Early stopping on validation loss or on accuracy?

22

4

I am currently training a neural network and I cannot decide which to use to implement my Early Stopping criteria: validation loss or a metrics like accuracy/f1score/auc/whatever calculated on the validation set.

In my research, I came upon articles defending both standpoints. Keras seems to default to the validation loss but I have also come across convincing answers for the opposite approach (e.g. here).

Anyone has directions on when to use preferably the validation loss and when to use a specific metric?

qmeeus

Posted 2018-08-20T12:22:25.053

Reputation: 726

Answers

12

TLDR; Monitor the loss rather than the accuracy

I will answer my own question since I think that the answers received missed the point and someone might have the same problem one day.

First, let me quickly clarify that using early stopping is perfectly normal when training neural networks (see the relevant sections in Goodfellow et al's Deep Learning book, most DL papers, and the documentation for keras' EarlyStopping callback).

Now, regarding the quantity to monitor: prefer the loss to the accuracy. Why? The loss quantify how certain the model is about a prediction (basically having a value close to 1 in the right class and close to 0 in the other classes). The accuracy merely account for the number of correct predictions. Similarly, any metrics using hard predictions rather than probabilities have the same problem.

Obviously, whatever metrics you end up choosing, it has to be calculated on a validation set and not a training set (otherwise, you are completely missing the point of using EarlyStopping in the first place)

qmeeus

Posted 2018-08-20T12:22:25.053

Reputation: 726

If values are between 0 and 1, cross_entropy loss is a more preferable candidate than MSE or MAE. Checkout the Wrap-Up section of this article, and this post on stats.
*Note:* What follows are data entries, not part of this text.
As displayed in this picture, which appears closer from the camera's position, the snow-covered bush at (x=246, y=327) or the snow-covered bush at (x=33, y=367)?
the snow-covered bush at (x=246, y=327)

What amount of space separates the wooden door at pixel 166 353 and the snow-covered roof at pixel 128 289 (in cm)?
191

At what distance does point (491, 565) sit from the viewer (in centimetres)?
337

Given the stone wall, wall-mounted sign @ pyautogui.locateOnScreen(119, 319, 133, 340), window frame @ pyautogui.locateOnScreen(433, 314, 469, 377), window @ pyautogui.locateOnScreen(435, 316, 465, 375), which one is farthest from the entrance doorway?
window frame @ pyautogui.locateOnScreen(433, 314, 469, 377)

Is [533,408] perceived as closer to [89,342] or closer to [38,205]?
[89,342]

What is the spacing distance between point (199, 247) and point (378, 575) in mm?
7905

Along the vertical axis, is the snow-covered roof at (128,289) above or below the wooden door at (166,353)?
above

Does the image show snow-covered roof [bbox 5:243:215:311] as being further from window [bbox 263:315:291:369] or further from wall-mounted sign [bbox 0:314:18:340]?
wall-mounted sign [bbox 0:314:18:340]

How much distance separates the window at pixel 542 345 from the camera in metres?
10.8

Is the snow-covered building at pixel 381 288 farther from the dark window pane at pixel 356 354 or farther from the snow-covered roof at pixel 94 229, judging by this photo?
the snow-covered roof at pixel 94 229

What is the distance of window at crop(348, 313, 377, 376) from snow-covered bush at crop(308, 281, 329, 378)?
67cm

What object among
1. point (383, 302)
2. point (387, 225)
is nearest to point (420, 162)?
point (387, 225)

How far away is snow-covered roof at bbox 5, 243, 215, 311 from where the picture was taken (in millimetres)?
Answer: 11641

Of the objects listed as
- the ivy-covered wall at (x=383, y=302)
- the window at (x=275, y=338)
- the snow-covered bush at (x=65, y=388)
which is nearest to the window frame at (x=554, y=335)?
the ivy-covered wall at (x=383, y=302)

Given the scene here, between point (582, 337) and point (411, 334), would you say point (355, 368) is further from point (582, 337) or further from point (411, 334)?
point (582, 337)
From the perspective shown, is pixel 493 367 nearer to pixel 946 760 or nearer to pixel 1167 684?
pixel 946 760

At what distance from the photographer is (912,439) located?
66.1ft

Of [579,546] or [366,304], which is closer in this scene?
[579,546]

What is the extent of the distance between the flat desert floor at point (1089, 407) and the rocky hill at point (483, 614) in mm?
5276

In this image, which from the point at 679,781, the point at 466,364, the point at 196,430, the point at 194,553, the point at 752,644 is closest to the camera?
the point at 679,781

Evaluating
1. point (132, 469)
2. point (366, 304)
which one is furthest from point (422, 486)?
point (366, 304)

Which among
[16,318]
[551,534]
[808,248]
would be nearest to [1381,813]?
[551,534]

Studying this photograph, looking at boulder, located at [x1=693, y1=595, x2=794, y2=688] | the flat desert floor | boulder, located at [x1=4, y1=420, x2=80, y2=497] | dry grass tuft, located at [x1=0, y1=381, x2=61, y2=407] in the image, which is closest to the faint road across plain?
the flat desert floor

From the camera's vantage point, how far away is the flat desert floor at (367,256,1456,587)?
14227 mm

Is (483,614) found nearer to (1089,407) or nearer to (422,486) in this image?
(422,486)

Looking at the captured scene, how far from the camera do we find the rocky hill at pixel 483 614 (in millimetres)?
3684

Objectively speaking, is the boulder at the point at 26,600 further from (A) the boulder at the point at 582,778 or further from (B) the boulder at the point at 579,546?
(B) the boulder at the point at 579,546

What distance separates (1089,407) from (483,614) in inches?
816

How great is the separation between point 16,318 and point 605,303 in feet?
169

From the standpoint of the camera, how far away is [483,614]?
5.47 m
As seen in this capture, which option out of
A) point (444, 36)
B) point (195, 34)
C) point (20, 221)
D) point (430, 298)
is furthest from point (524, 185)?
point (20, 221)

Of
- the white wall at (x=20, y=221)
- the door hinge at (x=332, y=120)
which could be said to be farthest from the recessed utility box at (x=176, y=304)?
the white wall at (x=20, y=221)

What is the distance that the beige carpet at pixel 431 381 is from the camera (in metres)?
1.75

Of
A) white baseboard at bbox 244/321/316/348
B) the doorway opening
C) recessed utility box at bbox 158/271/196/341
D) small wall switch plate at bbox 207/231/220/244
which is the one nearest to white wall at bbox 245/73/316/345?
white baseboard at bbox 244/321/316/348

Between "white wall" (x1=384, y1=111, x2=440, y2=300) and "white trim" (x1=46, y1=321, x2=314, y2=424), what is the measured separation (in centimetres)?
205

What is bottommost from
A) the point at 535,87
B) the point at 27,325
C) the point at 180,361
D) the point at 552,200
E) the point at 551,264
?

– Esmailian – 2019-04-19T16:16:43.357

1@Esmailian it is not a matter of preference; for classification problems, MSE & MAE are simply not appropriate. – desertnaut – 2019-09-02T17:22:25.370

6

In my opinion, this is subjective and problem specific. You should use whatever is the most important factor in your mind as the driving metric, as this might make your decisions on how to alter the model better focussed.

Most metrics one can compute will be correlated/similar in many ways: e.g. if you use MSE for your loss, then recording MAPE (mean average percentage error) or simple $L_1$ loss, they will give you comparable loss curves.

For example, if you will report an F1-score in your report/to your boss etc. (and assuming that is what they really care about), then using that metric could make most sense. The F1-score, for example, takes precision and recall into account i.e. it describes the relationship between two more fine-grained metrics.

Bringing those things together, computing scores other than normal loss may be nice for the overview and to see how your final metric is optimised over the course of the training iterations. That relationship could perhaps give you a deeper insight into the problem,

It is usually best to try several options, however, as optimising for the validation loss may allow training to run for longer, which eventually may also produce a superior F1-score. Precision and recall might sway around some local minima, producing an almost static F1-score - so you would stop training. If you had been optimising for pure loss, you might have recorded enough fluctuation in loss to allow you to train for longer.

n1k31t4

Posted 2018-08-20T12:22:25.053

Reputation: 12 573

Why would using validation loss allow for training longer than using a metrics? Also, can you elaborate on the difference between the two options? Do you see a case where it would be a bad idea to use a metric rather than the loss? – qmeeus – 2018-08-20T14:43:42.527

@id-2205 - please see my edited answer. – n1k31t4 – 2018-08-20T17:00:03.280

interesting point! I am currently using accuracy for early stopping but I will try to use the validation loss. I don't expect any changes in the training process though ! Thank you for your answer – qmeeus – 2018-08-21T19:30:42.983

1

I am currently training a neural network and I cannot decide which to use to implement my Early Stopping criteria: validation loss or a metrics like accuracy/f1score/auc/whatever calculated on the validation set.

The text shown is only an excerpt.